**Activity:**
Leaving out the pictures, retype exactly the lines from the one holding "Emotional Support Grim Reaper" through the end of the material.

---- Dataset content

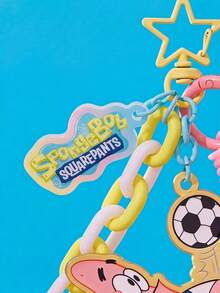 SpongeBob SquarePants | POKOJA LAND 1個系列卡通鑰匙圈，輕巧精緻，可愛吸睛。提供兩種款式（/派屈克）。可用作包包吊飾、行李吊牌或汽車鑰匙圈，適合日常通勤與旅行。也是送給朋友、閨蜜或自己在生日、情人節、聖誕節及其他節日的理想小禮物 - 彩色 - 查看 5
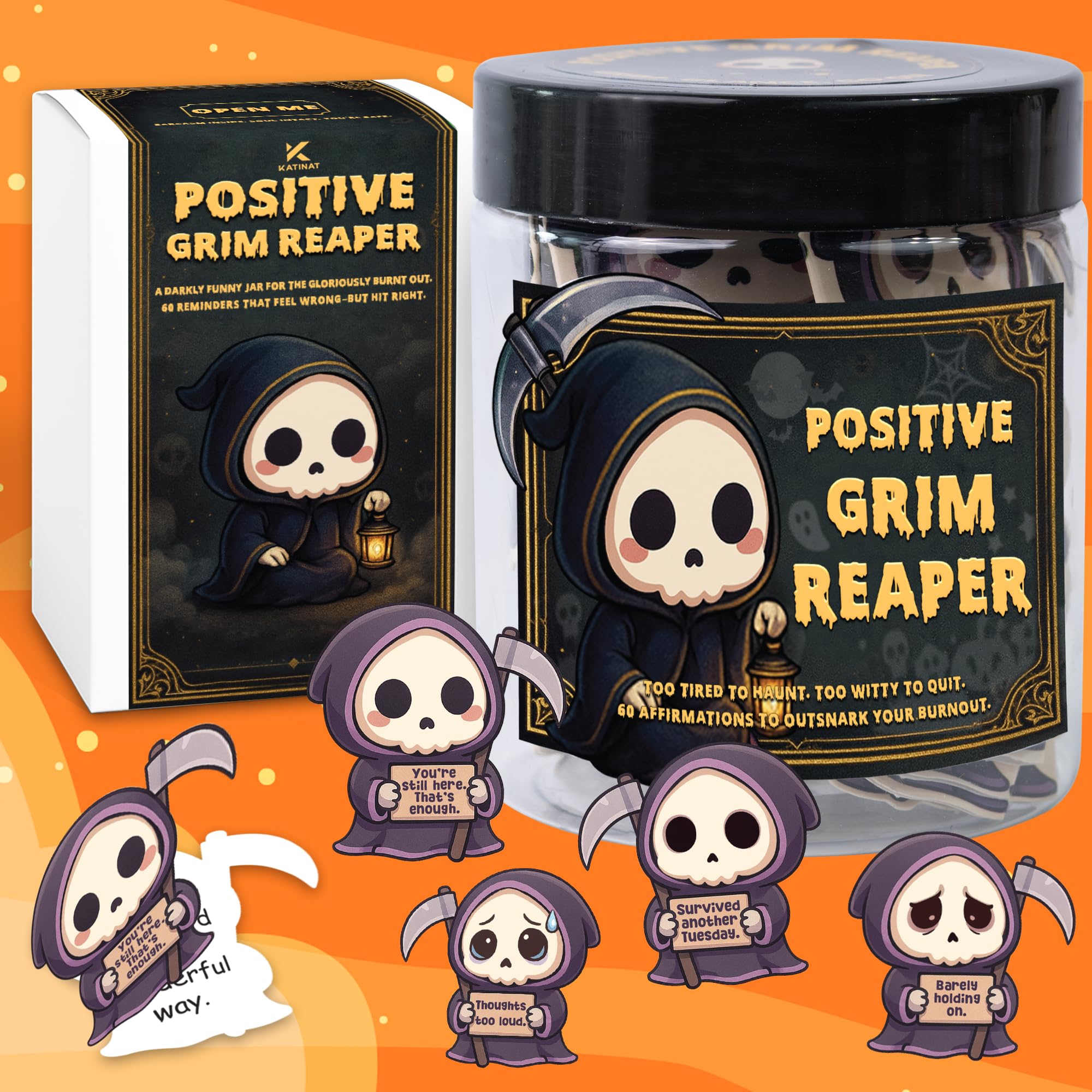 Emotional Support Grim Reaper 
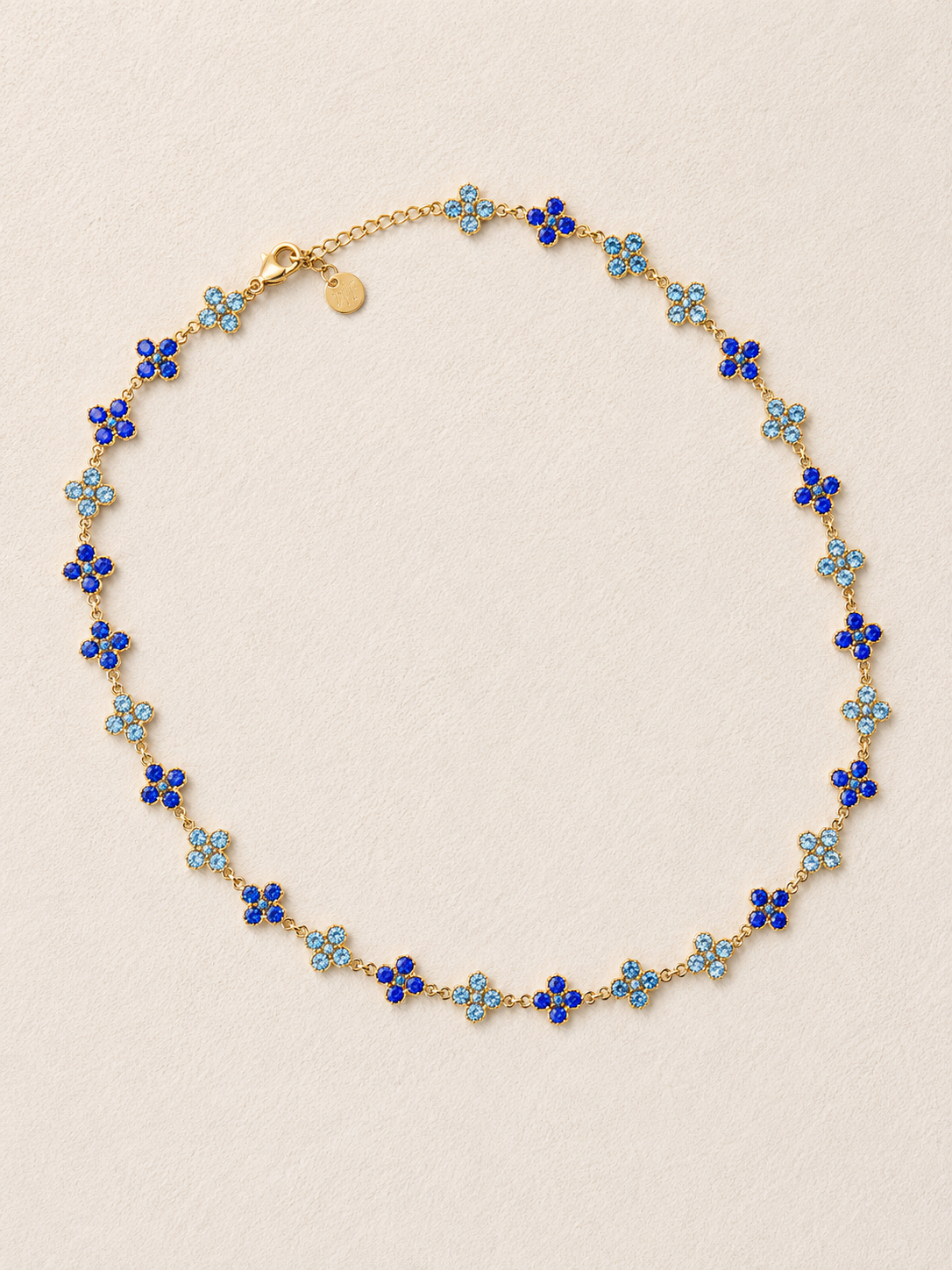 Collier Laure Fleur Bleue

--------

**Task output:**
 Emotional Support Grim Reaper 
 Collier Laure Fleur Bleue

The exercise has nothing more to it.